Encrypt and decrypt data with age using a passphrase or an X25519 keypair, with ASCII-armored output. Runs entirely in your browser.
age is a modern, deliberately simple file encryption format and tool created by Filippo Valsorda as an easier alternative to PGP. It supports two ways to lock data: a passphrase that anyone who knows it can use, or an X25519 keypair where a public recipient encrypts and a matching secret identity decrypts. This tool brings age to the browser. You can protect a short message with a passphrase, generate a keypair, encrypt to a recipient, and later decrypt with the secret key, without installing the command line tool.
Input:
Plaintext + passphrase, or plaintext + age1... recipient
Output:
-----BEGIN AGE ENCRYPTED FILE----- ... -----END AGE ENCRYPTED FILE-----
What is the difference between passphrase and keypair mode?

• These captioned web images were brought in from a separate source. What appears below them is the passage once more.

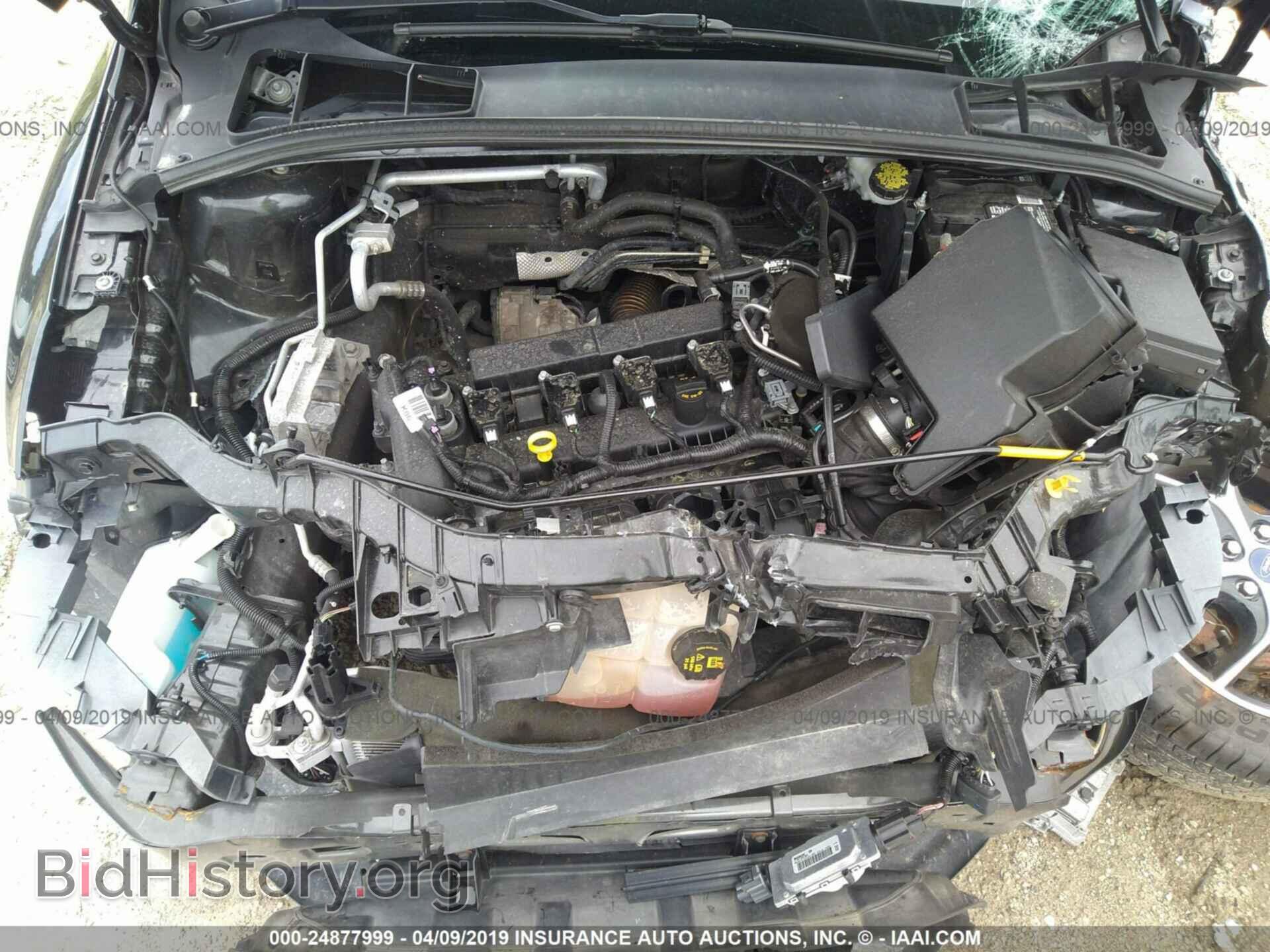 2015 FORD FOCUS - VIN: 1FADP3F20FL212837 - Фото 10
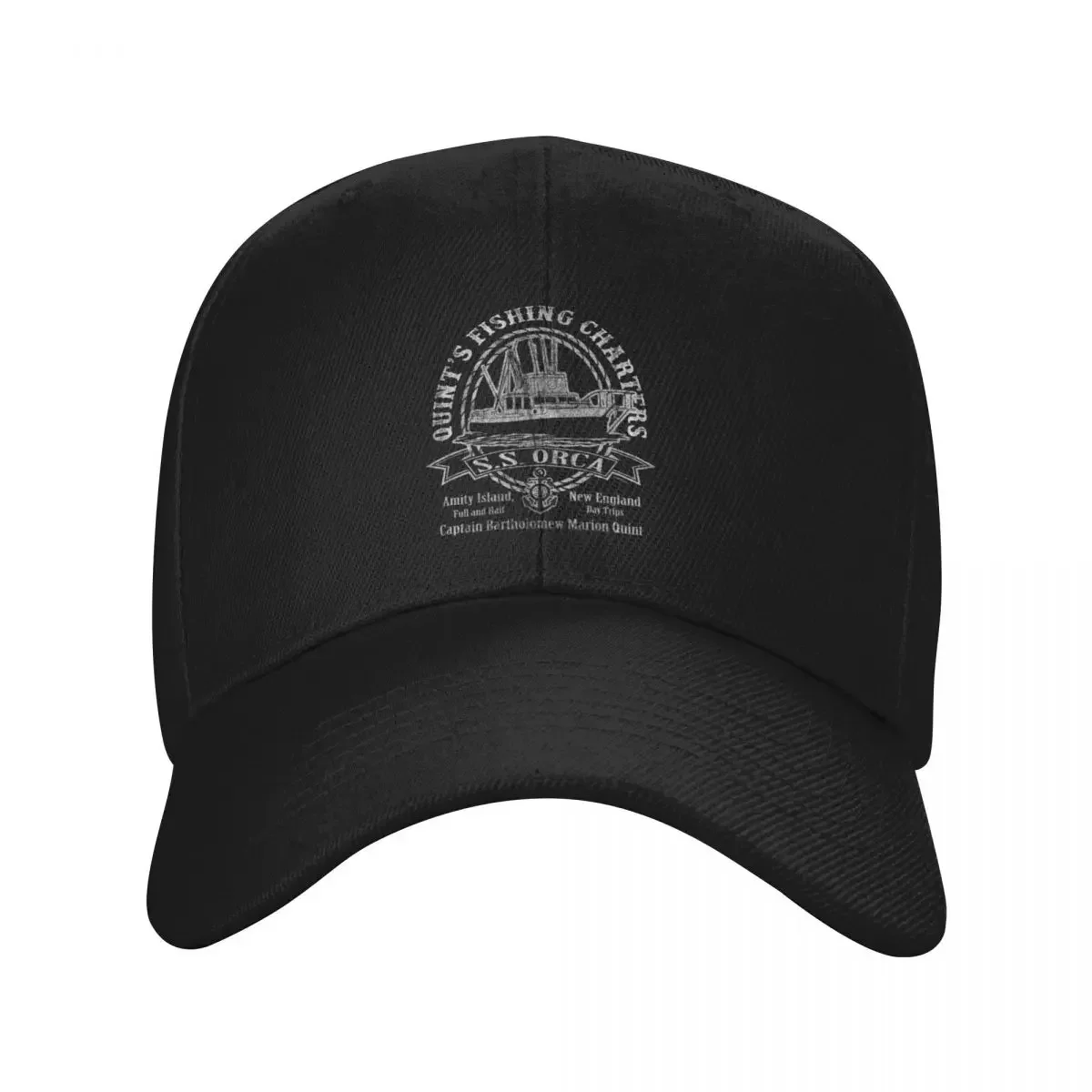 Kaptan Quint'in SS Orca'sı (Ev - Golf Cap Dad incelemesi ve fiyatı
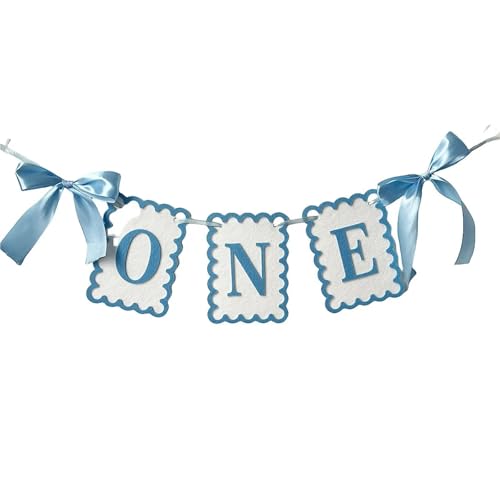 Happy Birthday Girlande Hintergrund Wanddekor Stuhl Girlanden(Color 2) von HNULGVI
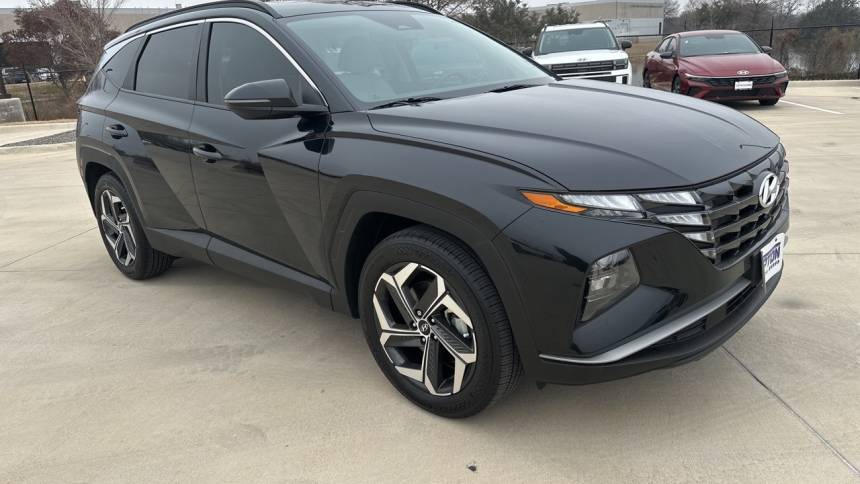 2024 Hyundai Tucson SEL — SUV — 4,845 mi — Carrollton, TX
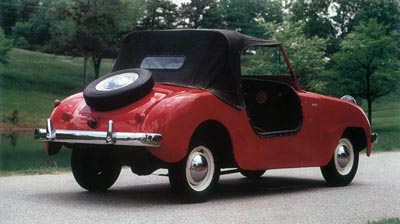 Crosley Hotshot Super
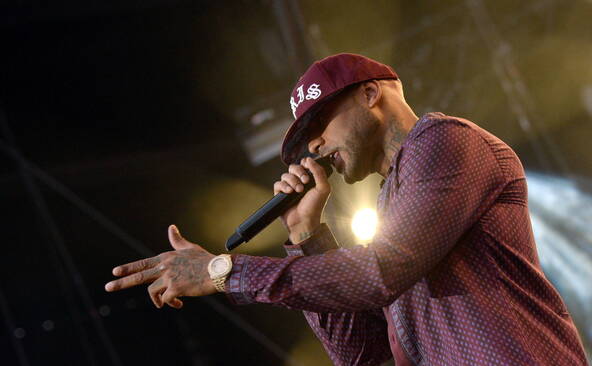 Le rappeur Booba condamné pour injure raciale et cyberharcèlement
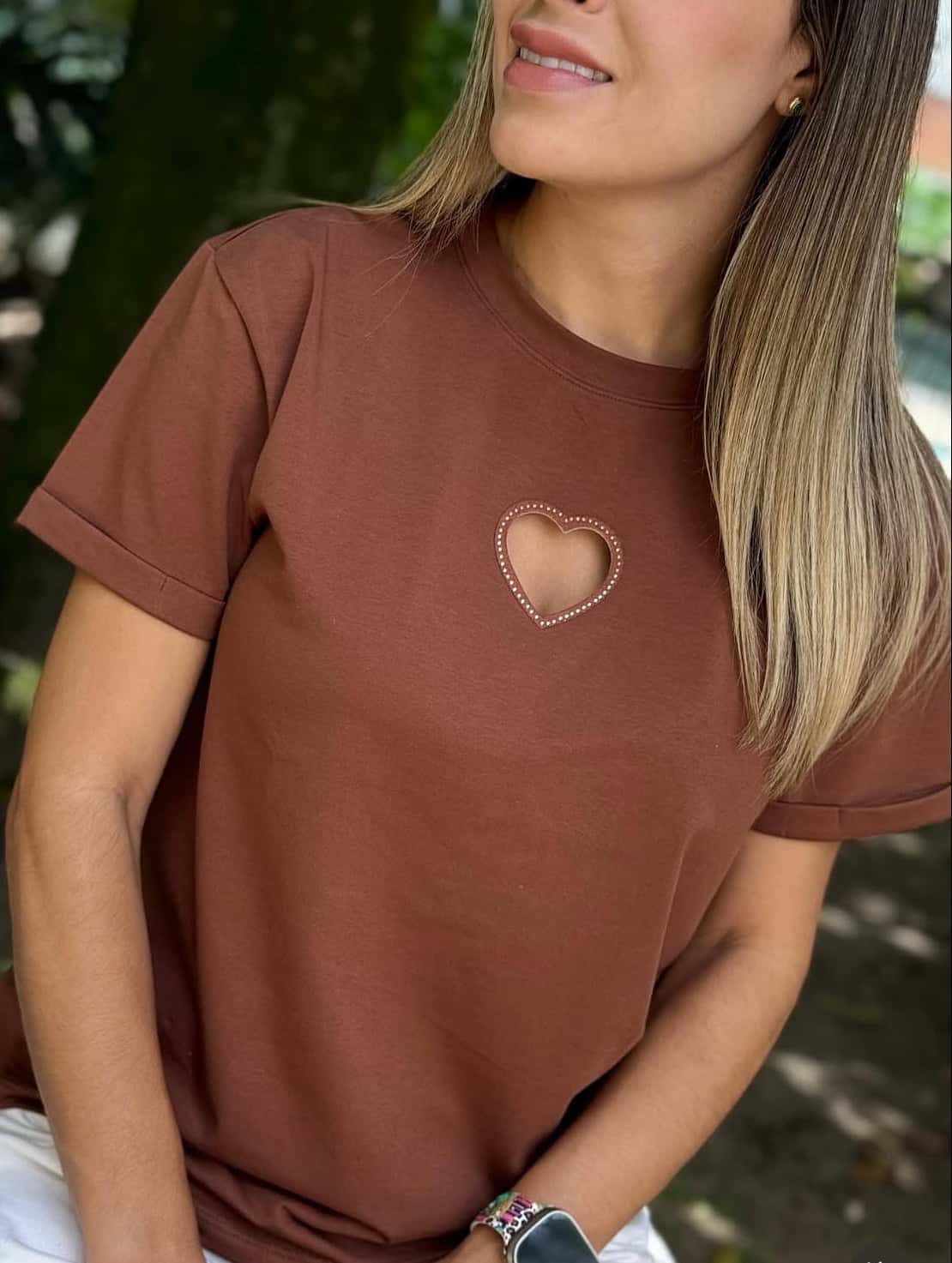 CAMISETA DEAR LIFE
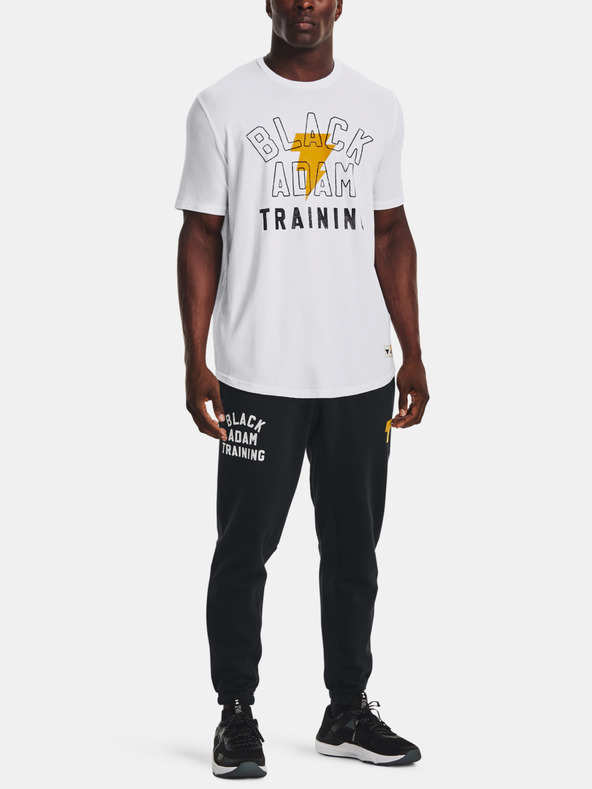 Under Armour Férfi póló Under Armour PJT ROCK BA GRAPHIC SS 2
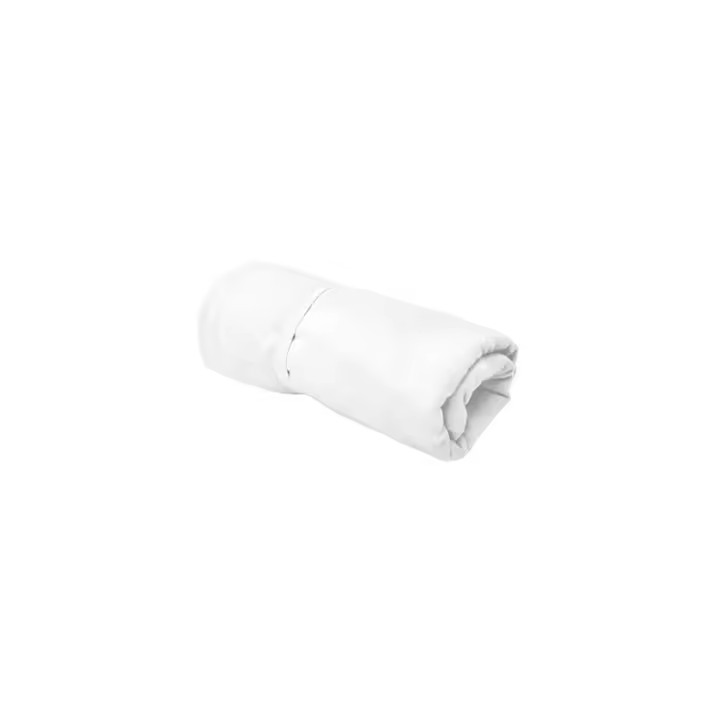 Toalla de Microfibra Roly Blanca de Secado Rápido 70x120cm - 1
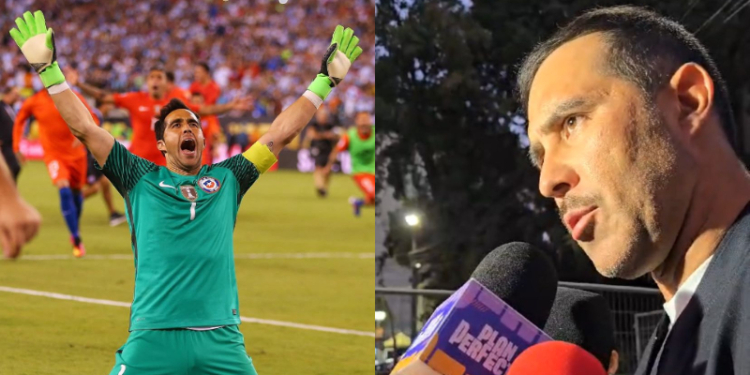 Claudio Bravo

Passphrase mode uses one shared secret for both sides. Keypair mode splits it: a public recipient (age1...) encrypts, and only the secret identity (AGE-SECRET-KEY-1...) decrypts, which is better for sending data to someone else.
Is this compatible with the age command line tool?
Yes. The armored output follows the age v1 format, so files encrypted here can be decrypted by the official age binary and other compatible libraries, and vice versa.
Where do I keep the secret key?
After generating a keypair, store the AGE-SECRET-KEY-1... value somewhere safe. Without it, data encrypted to its recipient cannot be recovered.
Does my data leave the browser?
No. Encryption, decryption and key generation all happen locally in your browser.